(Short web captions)
##############################

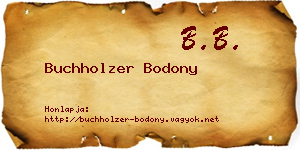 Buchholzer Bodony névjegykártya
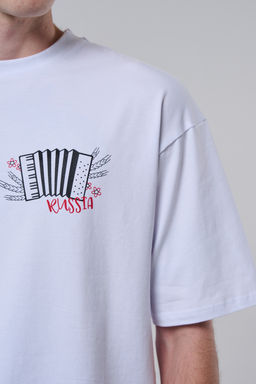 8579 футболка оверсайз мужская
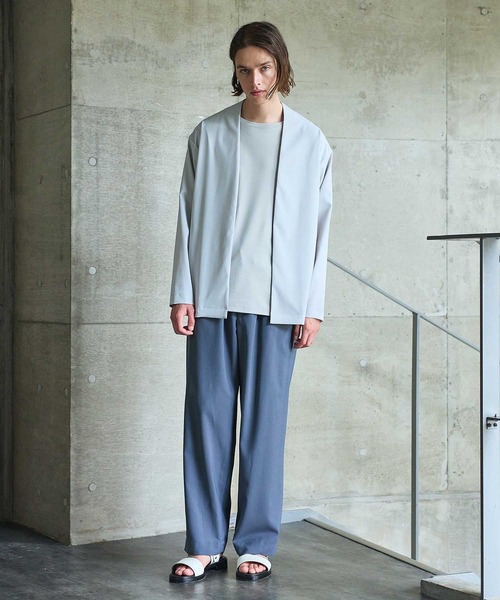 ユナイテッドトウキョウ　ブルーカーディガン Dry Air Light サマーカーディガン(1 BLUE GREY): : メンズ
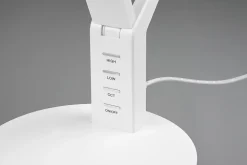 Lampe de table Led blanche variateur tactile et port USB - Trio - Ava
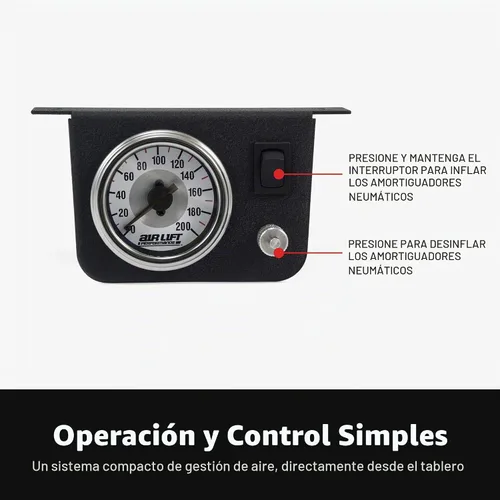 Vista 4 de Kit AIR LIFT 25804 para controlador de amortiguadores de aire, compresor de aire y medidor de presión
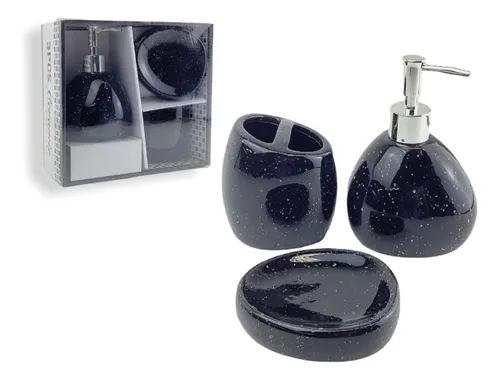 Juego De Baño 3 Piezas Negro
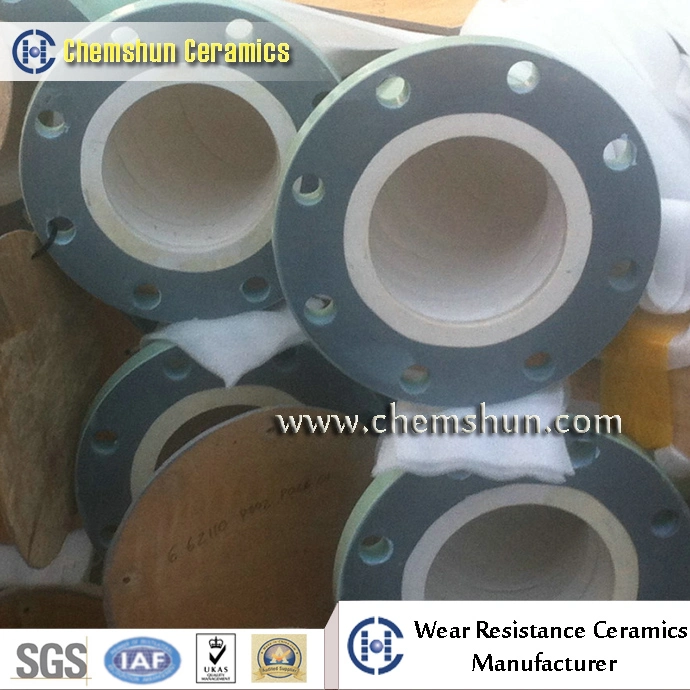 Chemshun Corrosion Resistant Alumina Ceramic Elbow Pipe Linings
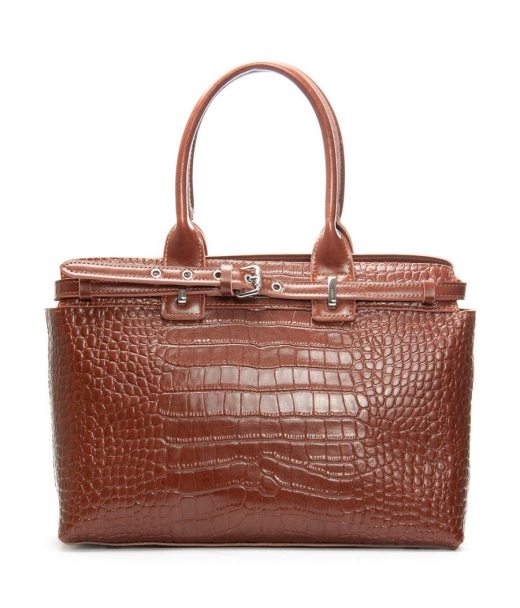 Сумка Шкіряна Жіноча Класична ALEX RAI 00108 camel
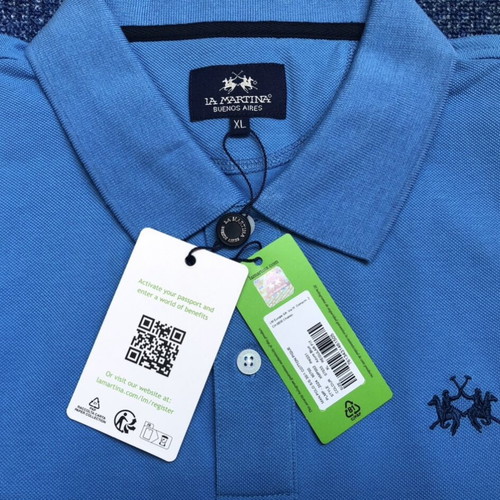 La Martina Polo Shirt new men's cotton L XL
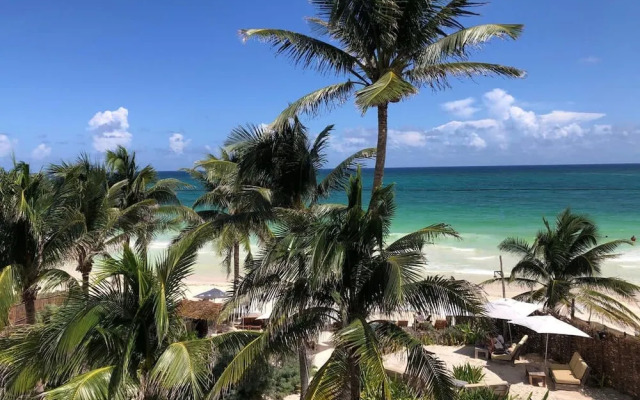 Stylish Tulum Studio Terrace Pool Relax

##############################

**Work item:** Your answer is an exact copy of the records above, stripped of pictures.

**Reply:**
 Buchholzer Bodony névjegykártya
 8579 футболка оверсайз мужская
 ユナイテッドトウキョウ　ブルーカーディガン Dry Air Light サマーカーディガン(1 BLUE GREY): : メンズ
 Lampe de table Led blanche variateur tactile et port USB - Trio - Ava
 Vista 4 de Kit AIR LIFT 25804 para controlador de amortiguadores de aire, compresor de aire y medidor de presión
 Juego De Baño 3 Piezas Negro
 Chemshun Corrosion Resistant Alumina Ceramic Elbow Pipe Linings
 Сумка Шкіряна Жіноча Класична ALEX RAI 00108 camel
 La Martina Polo Shirt new men's cotton L XL
 Stylish Tulum Studio Terrace Pool Relax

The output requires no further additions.